Task description:
The lines from the one containing "Before and after" through the last line below, both ends included, must be reproduced exactly, with no pictures.

Data excerpt:
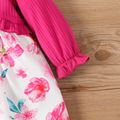 Baby Girl Solid Rib Knit Ruffle Trim Bow Front Long-sleeve Faux-two Floral Print Dress Roseo image 4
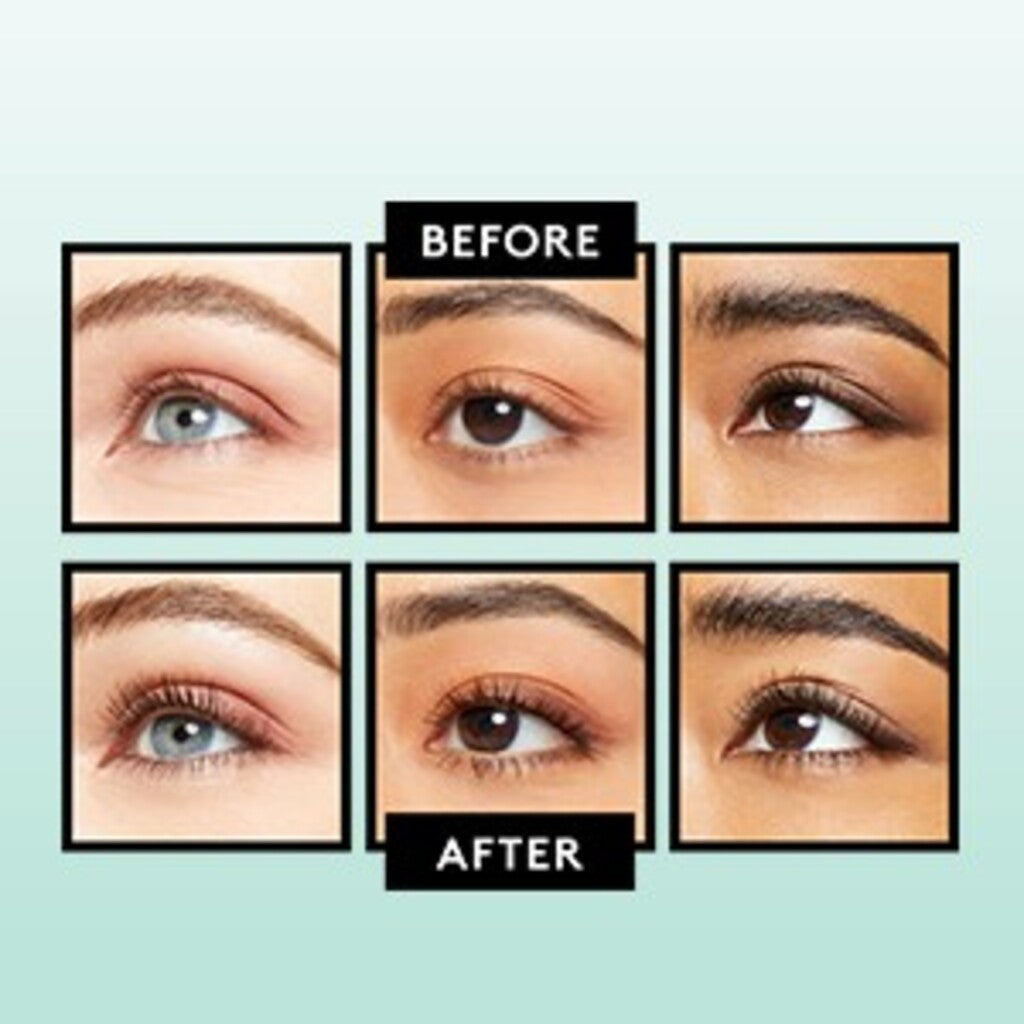 Before and after comparison of eyes using Lash Blast Clean Waterproof Mascara in Very Black.
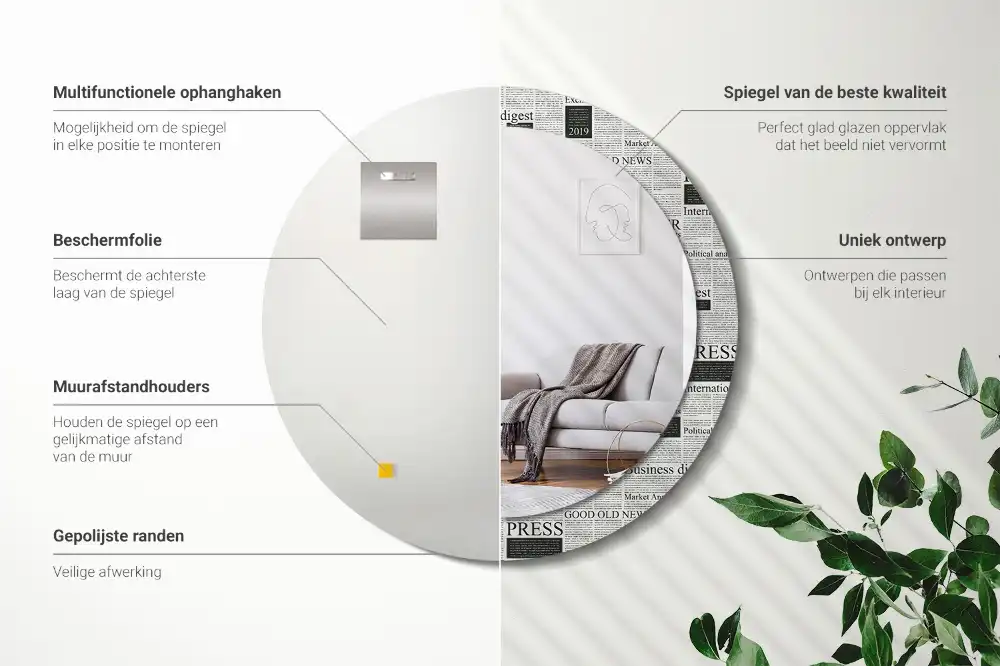 Oglindă rotundă decorativă de perete cu model ziar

Written answer:
 Before and after comparison of eyes using Lash Blast Clean Waterproof Mascara in Very Black.
 Oglindă rotundă decorativă de perete cu model ziar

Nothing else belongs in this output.